Double Broccoli Quinoa
- 3 cups cooked quinoa*
- 5 cups raw broccoli, cut into small florets and stems
- 3 medium garlic cloves
- 2/3 cup sliced or slivered almonds, toasted
- 1/3 cup freshly grated Parmesan
- 2 big pinches salt
- 2 tablespoons fresh lemon juice
- 1/4 cup olive oil
- 1/4 cup heavy cream
- Optional toppings: slivered basil, sliced avocado, crumbled feta or goat cheese
Heat the quinoa and set aside.
Now barely cook the broccoli by pouring 3/4 cup water into a large pot and bringing it to a simmer. Add a big pinch of salt and stir in the broccoli. Cover and cook for a minute, just long enough to take the raw edge off. Transfer the broccoli to a strainer and run under cold water until it stops cooking. Set aside.
To make the broccoli pesto puree two cups of the cooked broccoli, the garlic, 1/2 cup of the almonds, Parmesan, salt, and lemon juice in a food processor.
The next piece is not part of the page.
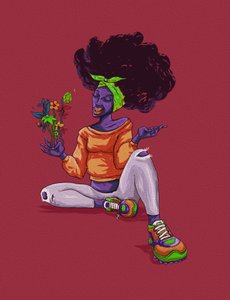 Leende afro med blommor av Joshua msonthe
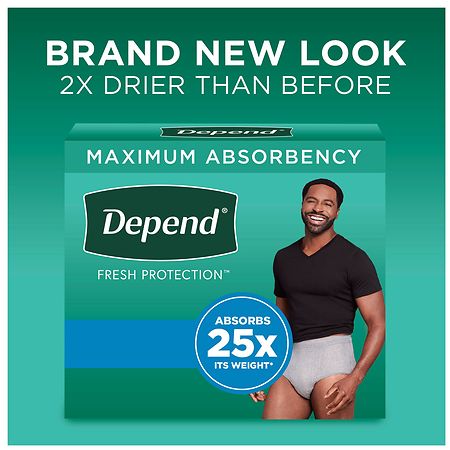 Depends Fresh Protection Adult Incontinence Underwear for Men (Formerly Fit- Flex), Disposable, Maximum, Small/Medium, Grey, 19 Count - 19 ea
Drizzle in the olive oil and cream and pulse until smooth.
- Just before serving, toss the quinoa and remaining broccoli florets with about 1/2 of the broccoli pesto. Taste and adjust if needed, you might want to add more of the pest a bit at a time, or you might want a bit more salt or an added squeeze of lemon juice. Turn out onto a serving platter and top with the remaining almonds, a drizzle of the chile oil, and some sliced avocado or any of the other optional toppings.
Serves 4 – 6.
*To cook quinoa: rinse one cup of quinoa in a fine-meshed strainer. In a medium saucepan heat the quinoa, two cups of water (or broth if you like), and a few big pinches of salt until boiling. Reduce heat and simmer until water is absorbed and quinoa fluffs up, about 15 minutes. Quinoa is done when you can see the curlique in each grain, and it is tender with a bit of pop to each bite. Drain any extra water and set aside.